Reproduce all of the entries below exactly, without images.

▶ [DATA RECORDS]:
►
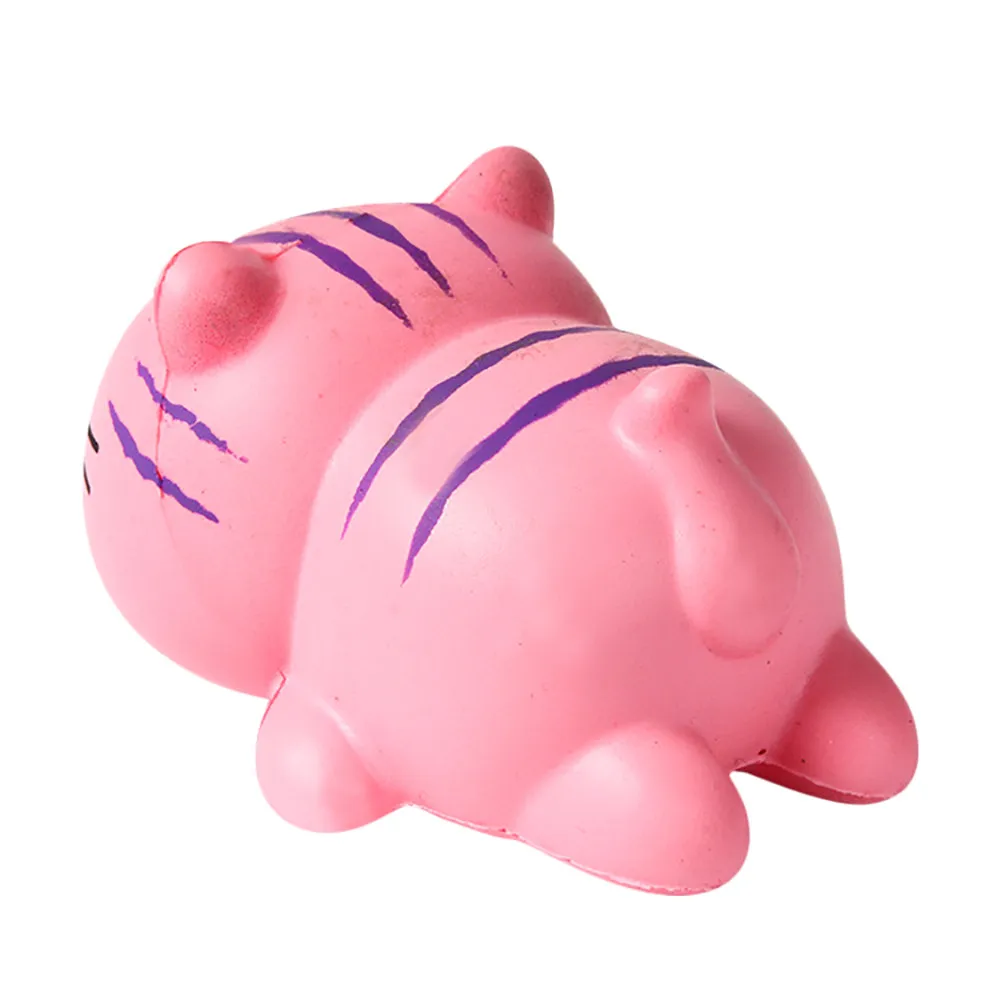 SquishiesCute Pink Kitty ароматический крем замедлить рост игрушка-Антистресс игрушка антистрессовая игрушка декомпрессии игрушки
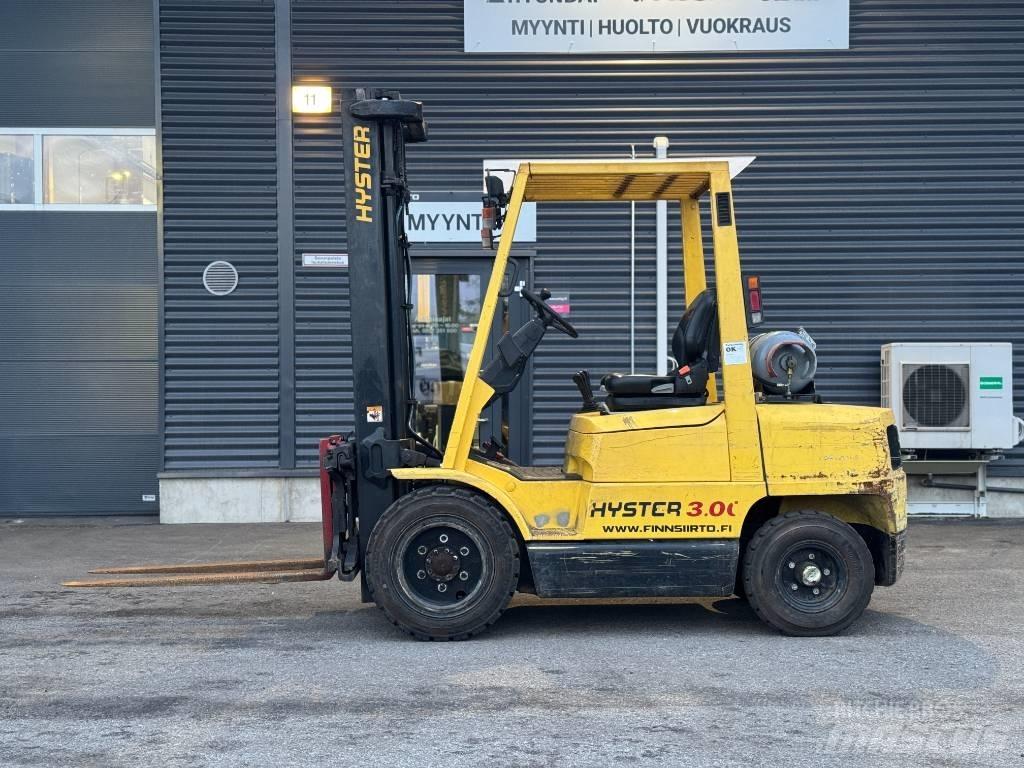 Hyster H3.00XM Περονοφόρα ανυψωτικά κλαρκ με φυσικό αέριο LPG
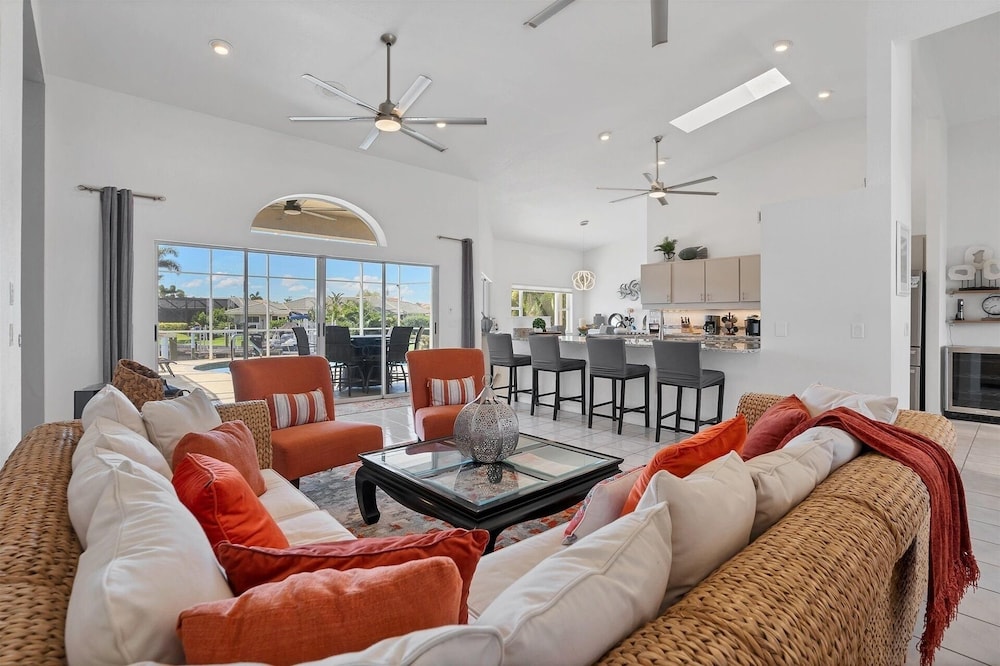 Punta Gorda Isles 3-Bedroom Private Pool Home on Canal with Dock 3 Home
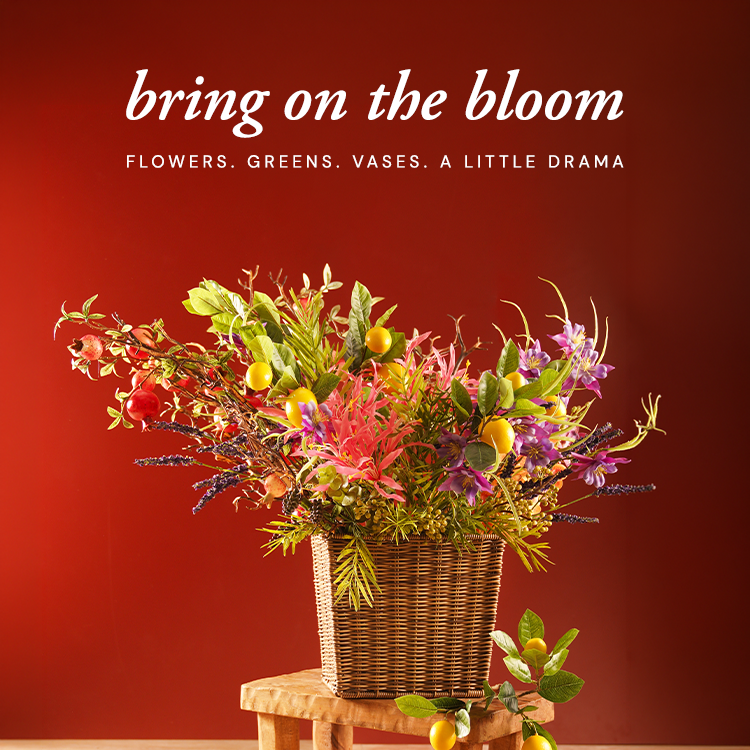 Flowers & Greens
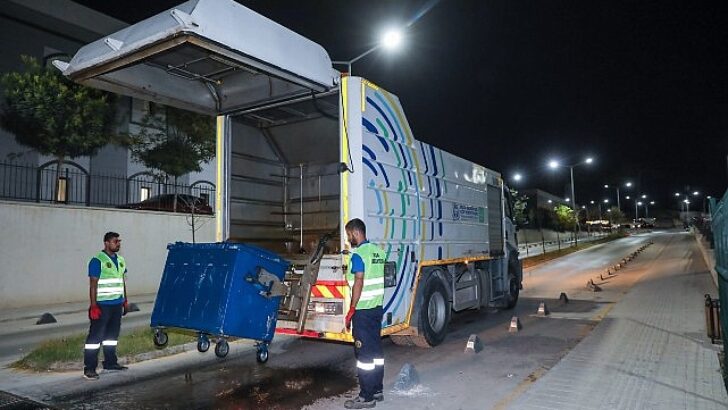 Buca’nın en büyük hastanesinde paklık çalışması
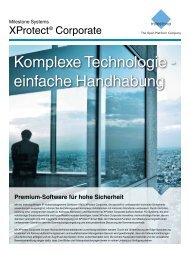 Komplexe Technologie - einfache Handhabung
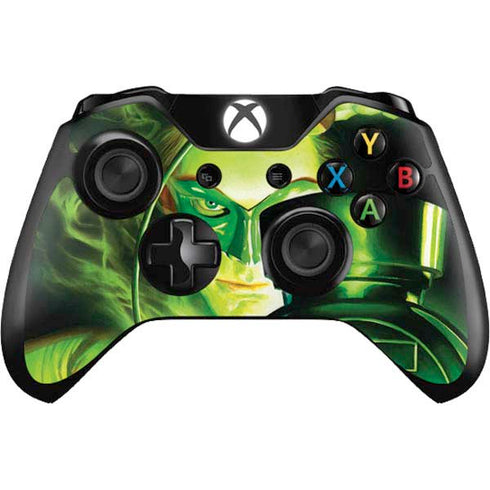 DC Comics Green Lantern Portrait Art By Alex Ross Xbox One Controller Skin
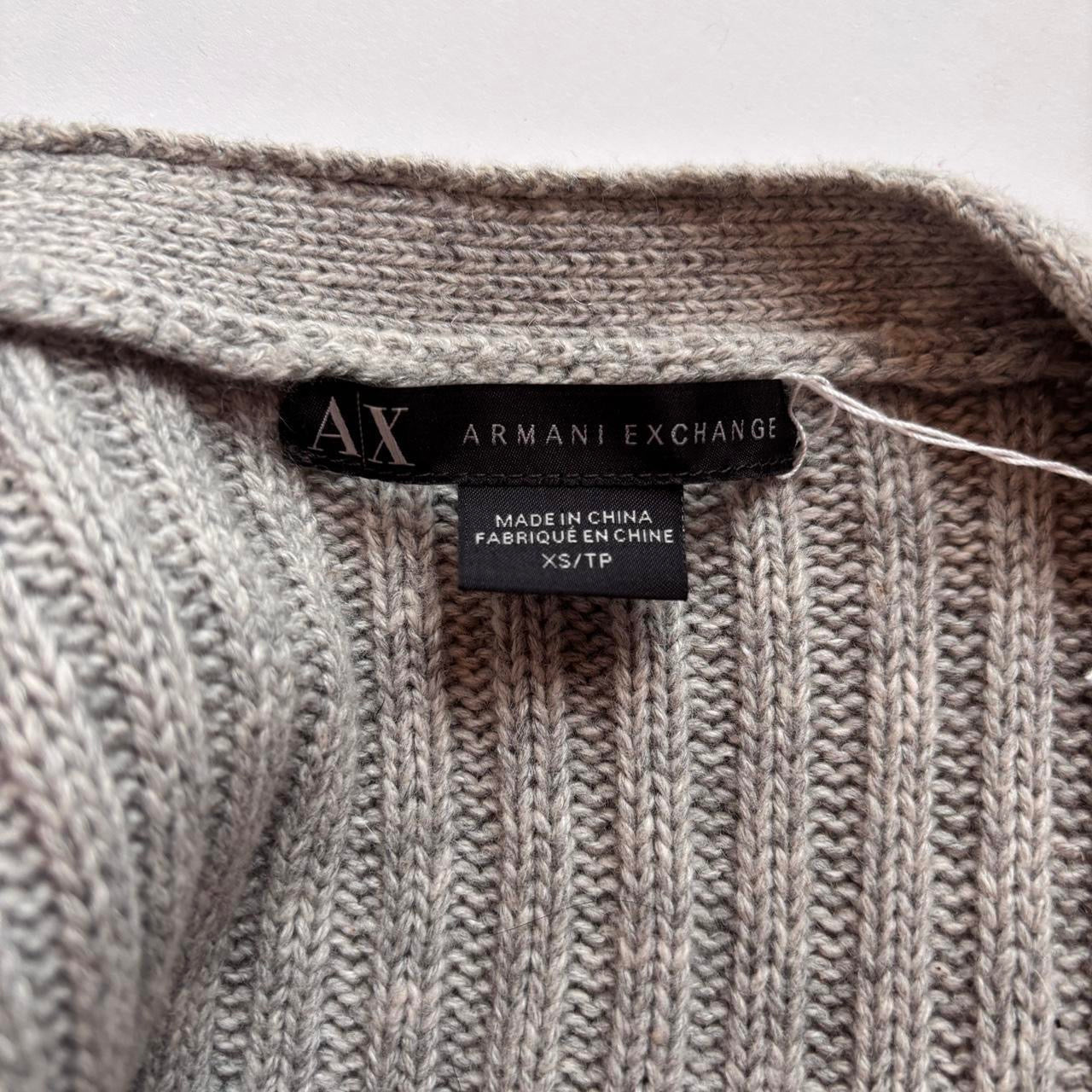 Armani Rabbit Fur Sweater Vest (XS)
◄
▶ [EXERCISE RESPONSE]:
 SquishiesCute Pink Kitty ароматический крем замедлить рост игрушка-Антистресс игрушка антистрессовая игрушка декомпрессии игрушки
 Hyster H3.00XM Περονοφόρα ανυψωτικά κλαρκ με φυσικό αέριο LPG
 Punta Gorda Isles 3-Bedroom Private Pool Home on Canal with Dock 3 Home
 Flowers & Greens
 Buca’nın en büyük hastanesinde paklık çalışması
 Komplexe Technologie - einfache Handhabung
 DC Comics Green Lantern Portrait Art By Alex Ross Xbox One Controller Skin
 Armani Rabbit Fur Sweater Vest (XS)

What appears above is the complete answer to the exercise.